Now imagine that I am a developer of the Spotify app and am familiar and comfortable with all the major modules of the app developed over the years, and was shocked to see the gap. How do I go about figuring out the reason for the huge gap in order to eliminate the culprit and make Spotify battery drain come close to Apple Music?
It turns out from talking to developers we learned this is something many app developers have been trying to do — to figure out why is my app draining more battery than a competing app or than my app’s previous release two weeks ago.
To facilitate this task, we introduced the Energy Diffing feature to Eagle which allows instant, head-to-head comparison of battery usage of two apps at the source-code level. The intended usage, of course, is for competitive analysis of similar apps, e.g. Spotify and Apple Music, or different releases of the same app.
Eagle— source-code-level battery drain comparison
Eagle gives source-code-level insights into why one app execution consumed more energy than the other. The diffing is unidirectional: when we invoke DiffView on Eagle trace A against trace B [trace A — trace B], the output shows a table listing all the methods in trace A along with their corresponding difference in energy consumption and in the number of calls (between the two traces). The tabular view is accompanied by a call graph view (like in Figure 3) of trace A, where each method node’s color indicates the energy difference in the two traces; the redder the node, the more energy drain the method in trace A over in trace B.
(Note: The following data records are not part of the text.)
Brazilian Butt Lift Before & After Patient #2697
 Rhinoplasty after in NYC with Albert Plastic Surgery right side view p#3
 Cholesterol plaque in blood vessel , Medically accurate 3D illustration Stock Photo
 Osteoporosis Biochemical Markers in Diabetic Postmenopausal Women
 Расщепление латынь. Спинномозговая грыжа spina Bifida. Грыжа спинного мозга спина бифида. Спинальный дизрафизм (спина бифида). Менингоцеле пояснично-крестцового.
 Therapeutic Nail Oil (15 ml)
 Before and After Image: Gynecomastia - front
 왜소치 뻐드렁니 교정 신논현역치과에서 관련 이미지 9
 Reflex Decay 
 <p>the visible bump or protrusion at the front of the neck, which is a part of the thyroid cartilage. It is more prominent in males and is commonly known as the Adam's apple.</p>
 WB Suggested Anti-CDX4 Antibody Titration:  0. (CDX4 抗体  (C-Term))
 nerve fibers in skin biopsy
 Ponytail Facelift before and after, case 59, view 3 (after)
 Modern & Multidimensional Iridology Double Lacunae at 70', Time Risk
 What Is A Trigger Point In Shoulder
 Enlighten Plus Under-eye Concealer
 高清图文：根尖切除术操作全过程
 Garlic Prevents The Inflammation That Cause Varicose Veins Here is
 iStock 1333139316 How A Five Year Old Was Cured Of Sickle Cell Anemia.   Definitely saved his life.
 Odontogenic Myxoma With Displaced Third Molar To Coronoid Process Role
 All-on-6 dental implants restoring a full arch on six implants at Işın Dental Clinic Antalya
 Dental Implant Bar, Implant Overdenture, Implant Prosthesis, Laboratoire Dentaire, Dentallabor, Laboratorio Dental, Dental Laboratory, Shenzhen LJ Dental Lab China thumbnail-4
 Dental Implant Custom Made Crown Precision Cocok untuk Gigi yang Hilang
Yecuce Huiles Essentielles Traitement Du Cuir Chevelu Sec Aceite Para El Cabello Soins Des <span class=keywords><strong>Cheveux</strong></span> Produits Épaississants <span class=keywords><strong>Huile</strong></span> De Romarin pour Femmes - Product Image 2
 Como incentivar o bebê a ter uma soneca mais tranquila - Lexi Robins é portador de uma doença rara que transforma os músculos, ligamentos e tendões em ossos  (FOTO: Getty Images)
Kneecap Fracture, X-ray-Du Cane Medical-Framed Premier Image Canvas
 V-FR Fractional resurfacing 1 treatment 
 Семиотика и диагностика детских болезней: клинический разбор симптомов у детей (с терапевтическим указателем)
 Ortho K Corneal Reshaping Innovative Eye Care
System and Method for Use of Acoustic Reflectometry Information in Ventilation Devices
Finding UI energy inefficiency in Spotify
Since we have a fairly efficient reference app at hand, Apple Music, we can analyze the energy inefficiency of Spotify by simply invoking Eagle on [Spotify — Apple Music], for the contested usage scenario, i.e., foreground music playback.
I ran the apps on Nexus 6 phone under LTE. During the experiment, both apps are on their respective player activities playing music for 1 minute each without any user interaction — as shown in Figure 2.
Table 1 shows the diffview’s table view output and figure 3 shows a pruned call graph after diffing [Spotify — Apple Music]. We immediately see here that the path containing “ProgressBar.setProgress()” brings most of the energy difference. Referring back to the table view, I found that the progress bar was actually set 1192 times more in Spotify compared to Apple music in the 1-minute play — Spotify updates the progress bar 21 times per second, while Apple music only updates progress bar once per second.
Such high frequency update is completely unnecessary if you do the simple math. A typical phone screen has 1024 pixels horizontally. A 4-minute song will advance the progress bar by roughly 4 pixels per second. In other words, in Spotify, four out of five consecutive updates do not even move the progress bar by a single pixel.
I reduced this update frequency to update every 200 ms (moving the progress bar by 1 pixel) by modifying and recompiling the apk. This does not bring any noticeable change in the UI, but extends the battery life from 5.3 hours to 11 hours as shown in Figure 1.
PS: Out of curiosity, I also diffed [Apple music — Spotify] using DiffView which outputs the annotated call graph shown in Figure 4. The root method node is green signifying that overall Apple music consumed less energy than Spotify, but still there are red nodes present in the layout hierarchy measurement. This is due to the parameter misconfiguration bug discussed in our previous blog which is not present in the Spotify app.
It is fascinating to see Eagle can also uncover energy inefficiencies of a more efficient app when comparing it to a less efficient app !